If another entrance could be developed, they said, they wouldn't stand in the way. Many agreed with Adler. Said Simon: "We're pleased it's not an industrial development."

Or a prison. A year ago, this same group of neighbors and other Forest homeowners fought to block a women's prison proposed for a site just beyond the land where the baseball complex would be built. The prison eventually went elsewhere.

Developing a different entrance could prove difficult, however, Adler said. The road through Blumont Estates already is a state-maintained road, and Adler said it would be simple to extend.

Two other possible entrances would be more difficult to develop. He said one would provide an entrance directly off U.S. 221, but it would have to cross railroad tracks that run along U.S. 221.

Adler said it would be costly to build a bridge over the tracks and not practical to have a crossing there. And he said getting approval from Norfolk Southern for either could be equally troublesome.

The other option would be to develop a gravel road that now runs to the back of the site as the main entrance. Again, Adler cited cost and getting approval for the road.

Also, it is not a state-maintained road, and he said getting the state to take the road into its system could pose problems.

Still, Adler isn't too worried.

"As logic goes, I can't see a better use for a piece of land," he said. "Ask people anywhere what they would prefer to see built next to their homes and - universally - I think they would say a park."

Adler also is pitching the project as something that would benefit Forest residents. The complex would be exclusively for the Lynchburg Little League, but Adler said many Forest youths participate in the league, which includes about 1,200 kids.

He also said when the Lynchburg league isn't using the complex, it would be open to Bedford County teams. He said he would like to have a joint Lynchburg-Bedford County league in the fall.

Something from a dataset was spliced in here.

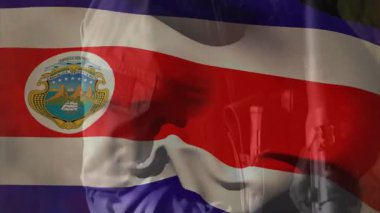 Kosta Rika bayrağı dalgalanan asker tüfeği kavrıyor ve savunmaya hazır olduğunu gösteriyor. Vatanseverlik, güvenlik, disiplin, koruma, güç, dayanıklılık, askeri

Adler, an architect with children in Little League, estimates the total cost of the complex at $1 million, but he believes more than half of that could be saved through builders and others donating materials and services. Adler himself will not receive any pay for the project.

He said that if the project is approved, he hopes to begin work on the complex next year and play ball in the spring of 1995.

After Tuesday's compatibility meeting, the project will go before the Bedford County Board of Zoning Appeals or the Planning Commission, and possibly the Board of Supervisors for additional hearings.